TASK STATEMENT -
For the material below, reproduce exactly each line from the one that has "Virtusa Off Campus" through the one that has "Flat Boxes - Amethyst", and no others; pictures stay out.

[RECORDS FOR THE TASK — start]

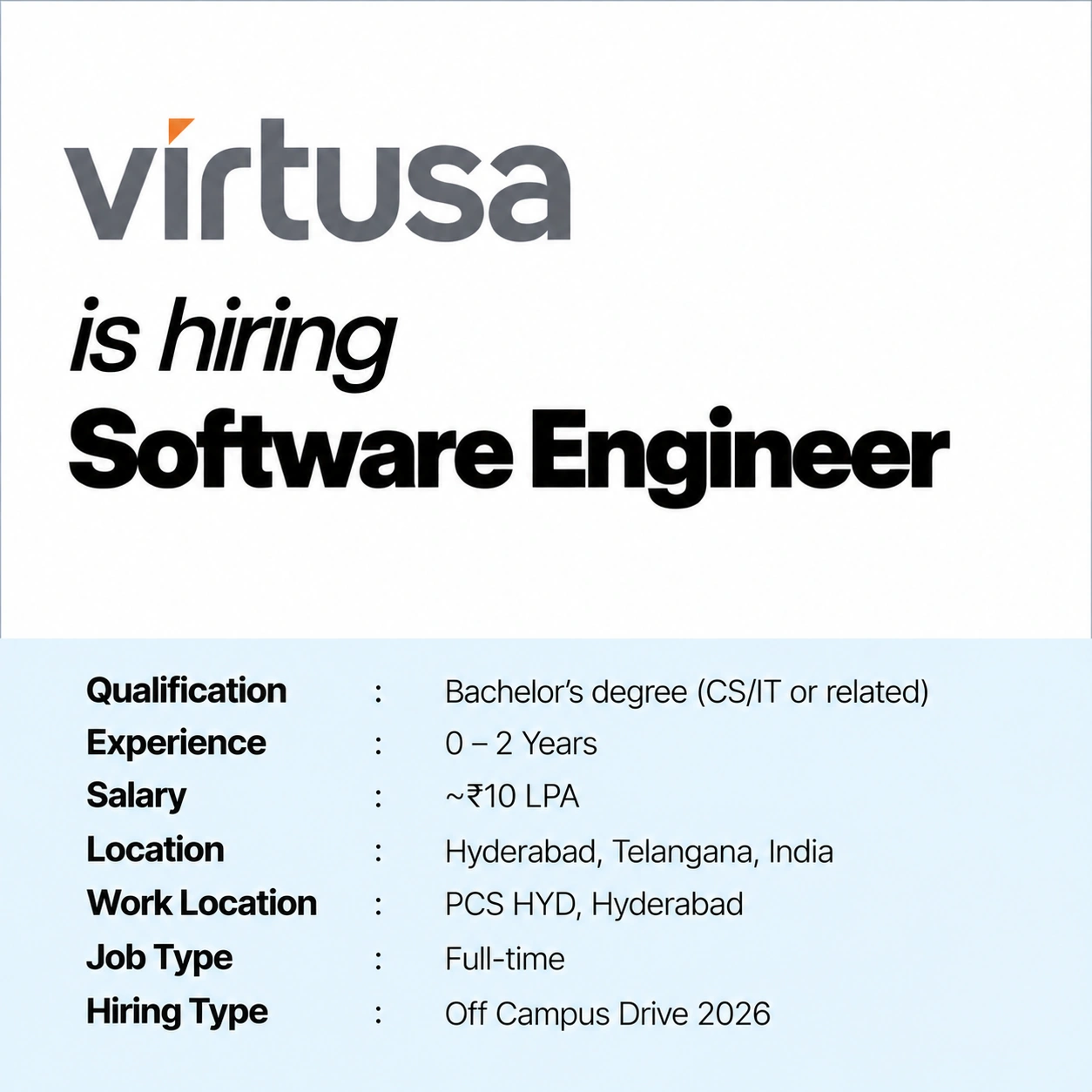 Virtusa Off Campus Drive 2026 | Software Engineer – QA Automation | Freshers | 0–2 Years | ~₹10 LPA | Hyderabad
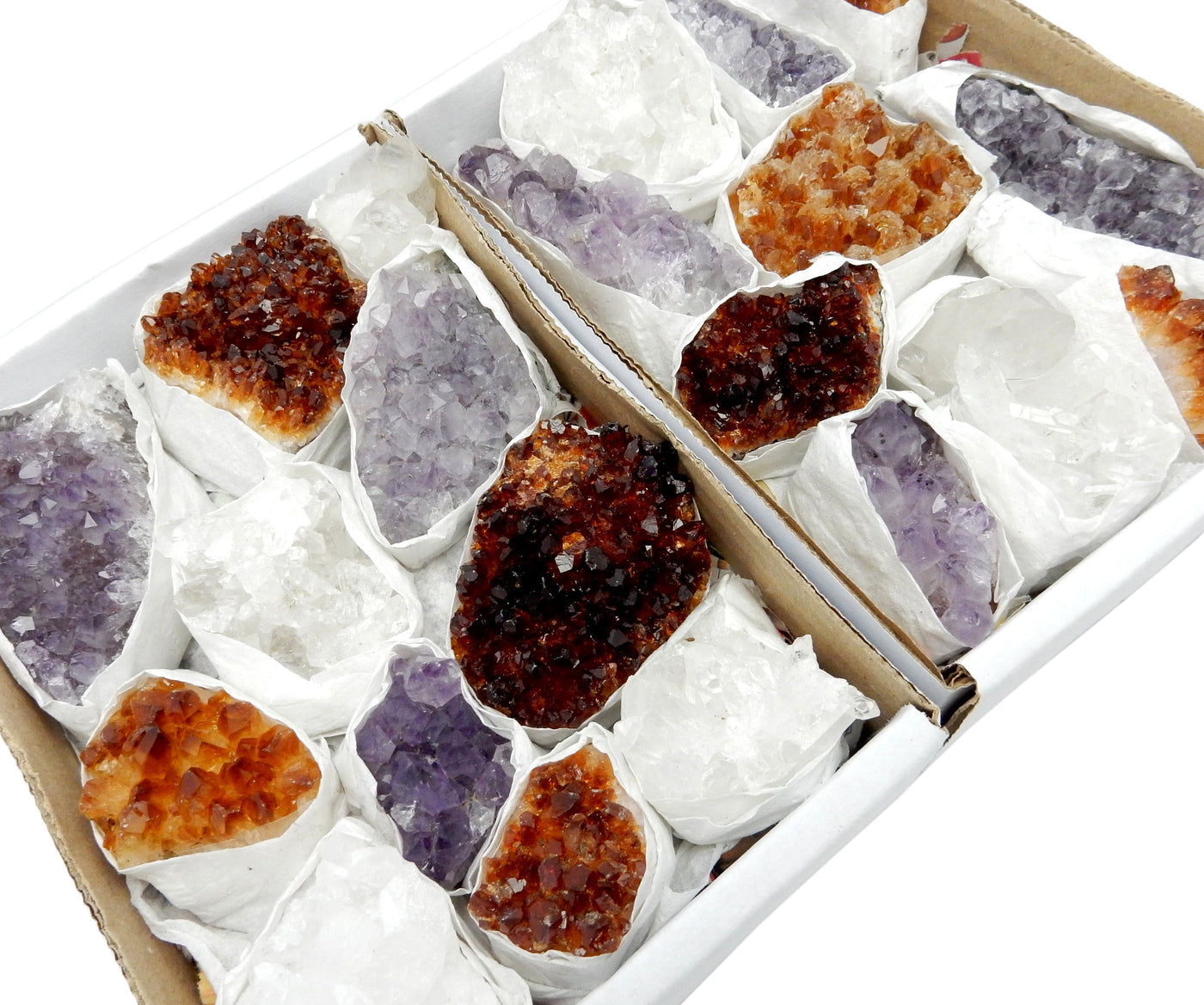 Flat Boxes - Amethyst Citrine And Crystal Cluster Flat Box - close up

[RECORDS FOR THE TASK — finish]
[RECORDS FOR THE TASK — start]

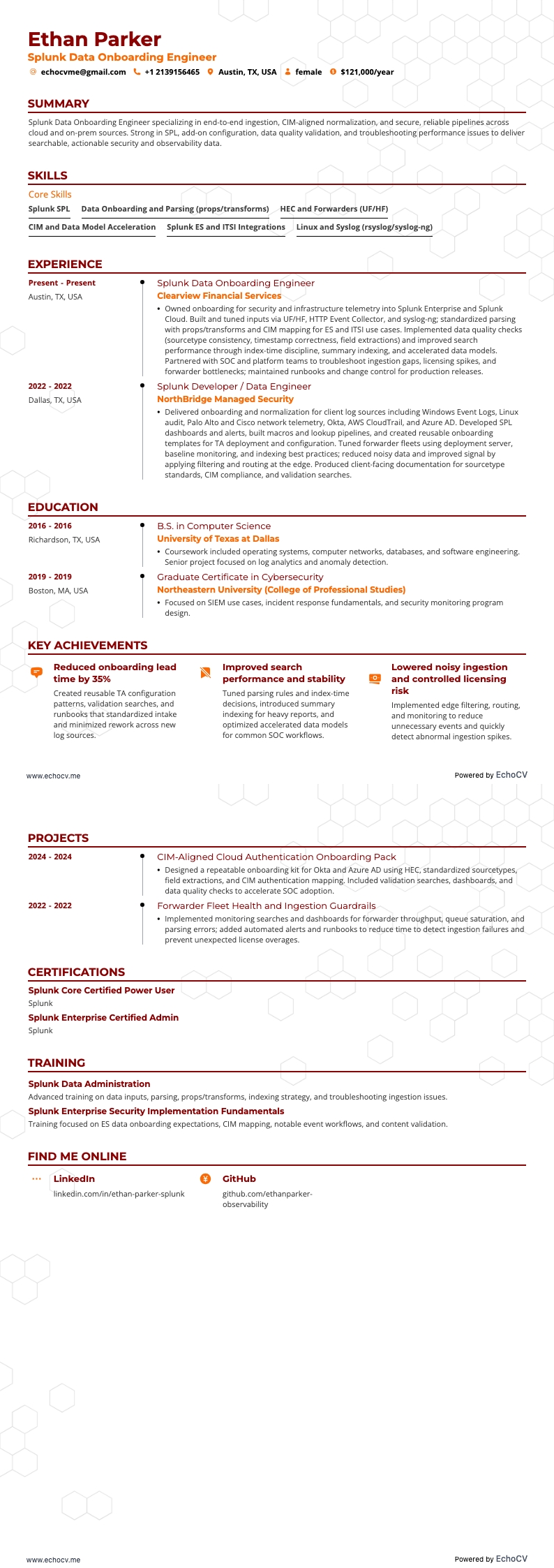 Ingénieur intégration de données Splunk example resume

[RECORDS FOR THE TASK — finish]

EXERCISE SOLUTION -
 Virtusa Off Campus Drive 2026 | Software Engineer – QA Automation | Freshers | 0–2 Years | ~₹10 LPA | Hyderabad
 Flat Boxes - Amethyst Citrine And Crystal Cluster Flat Box - close up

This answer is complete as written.